On 17 October, at the Royal Society in London, Matt Ridley gave a talk that was widely publicised both before and after. Everyone knew that he would be discussing climate change, and adopting a position which would challenge much of its orthodoxy.
This should not be out of the ordinary at the Royal Society which was founded for the purpose of sceptically examining and debating matters scientific, and indeed has a motto – Nullius in Verba – which exhorts it not to take anyone’s word for anything. The trouble is that in recent years the Society had appeared to have become politicised into toeing the establishment line on climate change, and showing to any dissent a level of intolerance which shamed its distinguished history. Therefore the news that this talk would be happening was greeted with eyebrows either raised in surprised and delighted approval, or lowered into shocked disapproval, depending upon the political persuasion of their owner.
Ridley is preceded by Lord Lawson, chairman of the Global Warming Policy Foundation, who first offers well-deserved thanks to the Society for having withstood pressure from “fanatics” in holding this event. Then he introduces Ridley, describing him as “the leading scientific writer in the world today”. Ridley’s flattered astonishment at this description is fun to behold. Lawson also describes this talk as a ‘lecture’. This is a significant word because it literally means a reading, and a reading is indeed what we get.
I know, because he has been on this blog twice before – here and here, that Ridley absolutely does not need a script when he speaks. I tell my trainees that those who have learnt to speak without script or notes, but occasionally have to use them, treat those two impostors just the same, coping much better than those who clutch their paper like a drowning man does driftwood.
Ridley could easily deliver this talk with only occasional glances at his script, but he chooses slavishly to read it. Let’s look at the likely reasons.
Timing. It looks as if this is a 40-minute slot. Ridley actually speaks for a little over 36 minutes, allowing enough time for Lawson’s introduction and also a brief word of thanks and conclusion from Benny Peiser. This is courteous, professional and rare. There are some who could hit that sort of precision without the aid of a script, and Ridley may be one of them, but he has other reasons to read.
His slides. Working with a script enables him to change his slides bang on cue every time. It is safer and more precise.
The Press. You may think that I’m about to point out how, with this controversial subject, he has to watch his wording very carefully to minimise his exposure of being vilified by unfriendly reporters, and obviously there is something in that, but actually the issue is far more mundane. With a speech whose profile is as high as this, it’s a fairly safe bet that the press will have been given a transcript. Therefore he has to stick very close to that transcript. Like verbatim.
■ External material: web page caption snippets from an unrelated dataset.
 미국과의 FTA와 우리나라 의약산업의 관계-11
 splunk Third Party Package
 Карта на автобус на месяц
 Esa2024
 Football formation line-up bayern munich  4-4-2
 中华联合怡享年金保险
I suspect he would have preferred not to have read from a script. It robs him of spontaneity, and makes him prey to those rather lame stumblings that you can get when you read aloud. But he really has no choice.
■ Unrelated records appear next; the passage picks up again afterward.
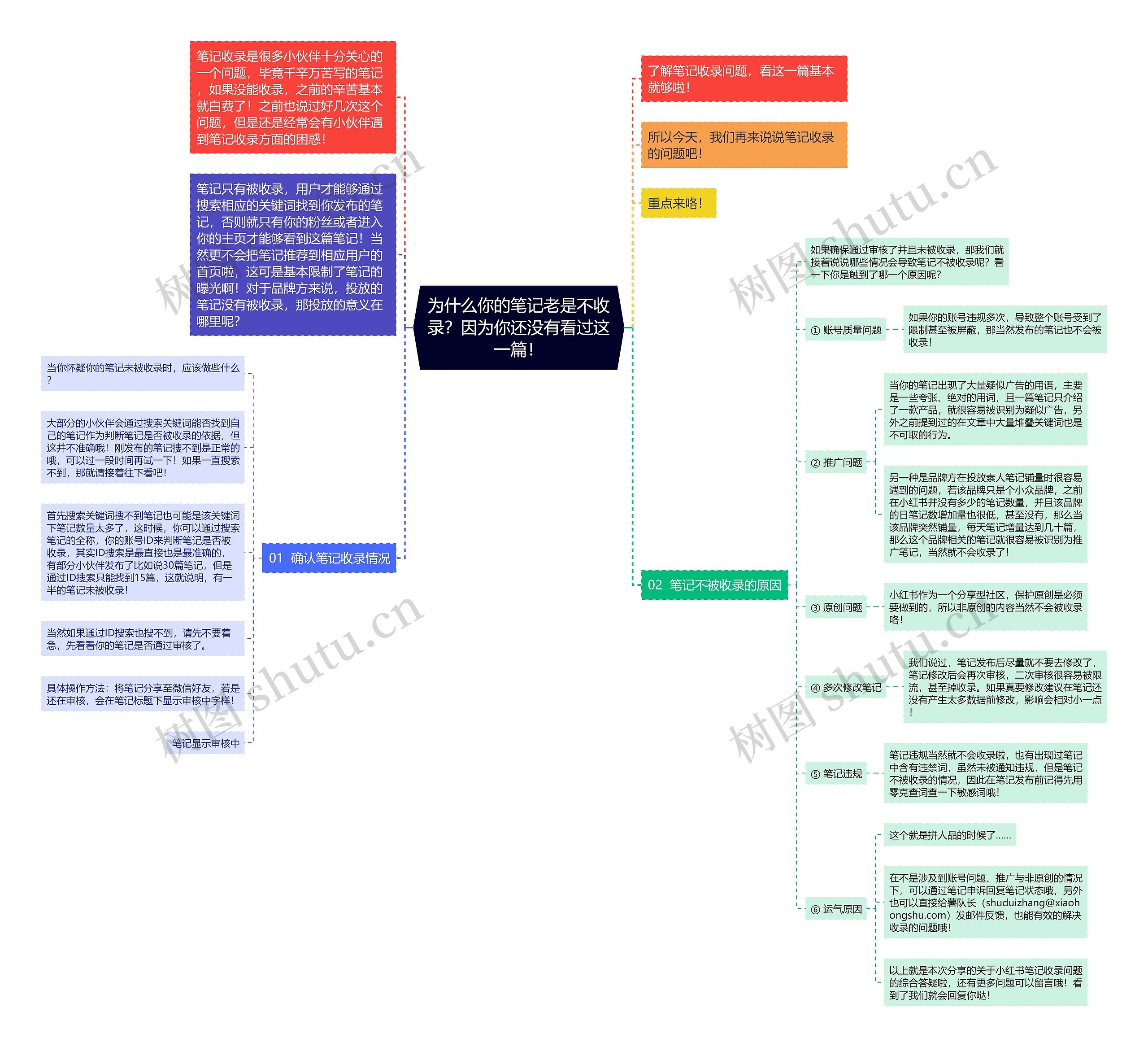 为什么你的笔记老是不收录？因为你还没有看过这一篇！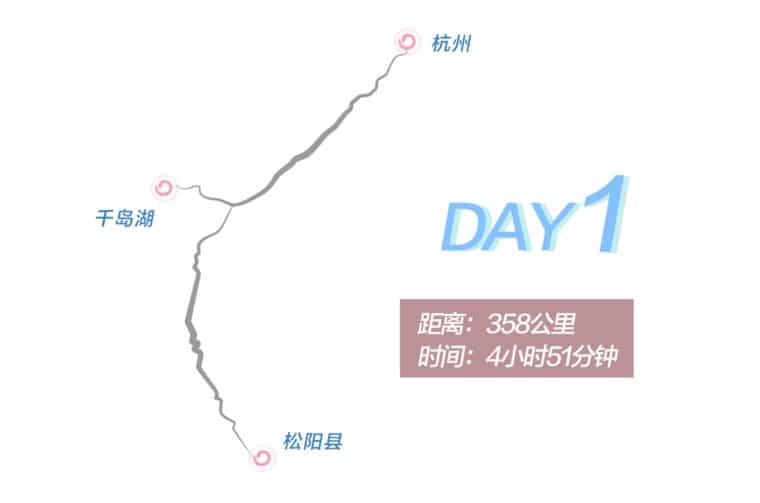 Day 1 route graphic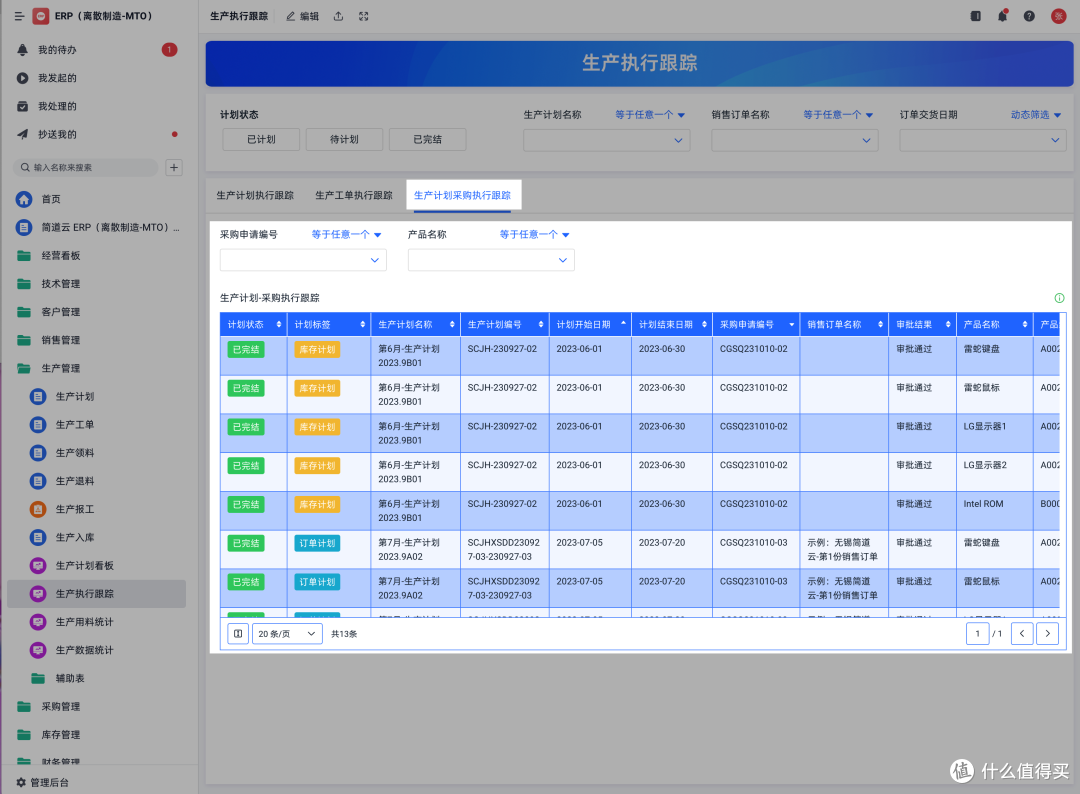 用1个小时，搭好的车间生产进度自动跟踪系统长什么样？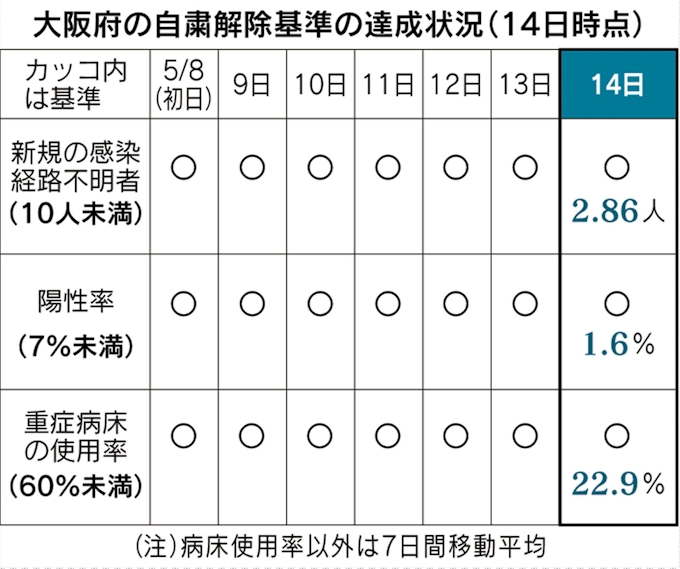 ライブ ハウス 感染 大阪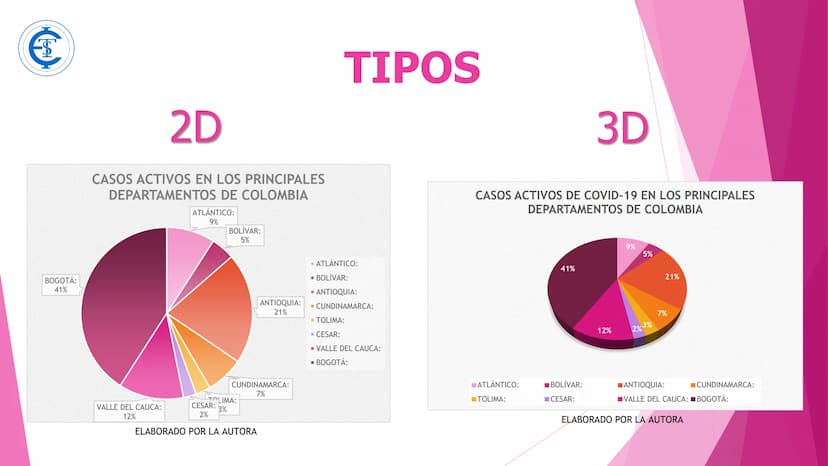 DIAGRAMA CIRCULAR DIAGRAMA CIRCULAR
"Un gráfico circular es una representación en una dimensión utilizada para
percibir de una forma más ráp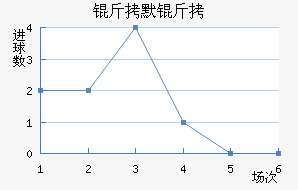 ��Ĭ����������������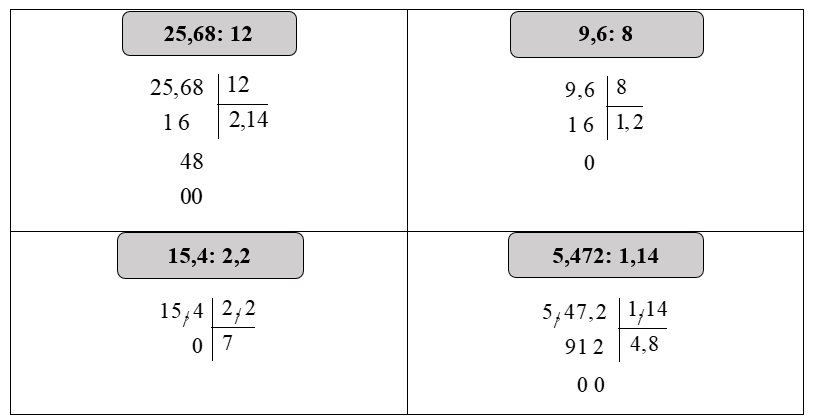Đặt tính rồi tính  25,68 : 12 9,6 : 8 15,4 : 2,2 5,472 : 1,14 (ảnh 1)
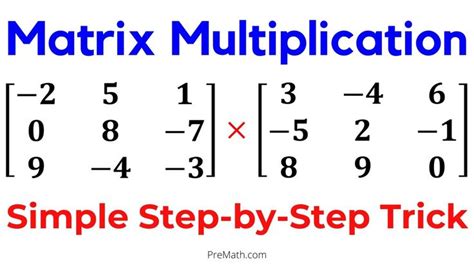 Learn Matrix Multiplication | Simple Step-by-Step Trick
I usually recommend just one technical adjustment to his modus operandi. Rather than turn over each page of the script, it is a little safer to slide each sheet to one side. This is the system habitually used by Chancellors of the Exchequer for their Budget speeches. It is more hazardous beforehand, because the sheets cannot be fastened together by anything more permanent than a paperclip (so you must number your pages), but provided the surface of the lectern is big enough it tends to be a smoother process. Nevertheless from what I have seen of Ridley, I suspect that he uses his system out of choice rather than ignorance of the alternative.
This lecture is historic, being a rare exception to the one-sided barrage of indoctrination that for years we have been fed by the media. It took place very much at the point of a sword, with alarmists fighting ferociously to try to prevent it. Benny Peiser, in his short concluding address, expresses the hope that it might pave the way for an actual grownup debate between adherents of the opposing climate change opinions. What a wonderful thought!
I shall not hold my breath. For years alarmists have fought to suppress debate, offering not arguments but name-calling. Nevertheless we can hope.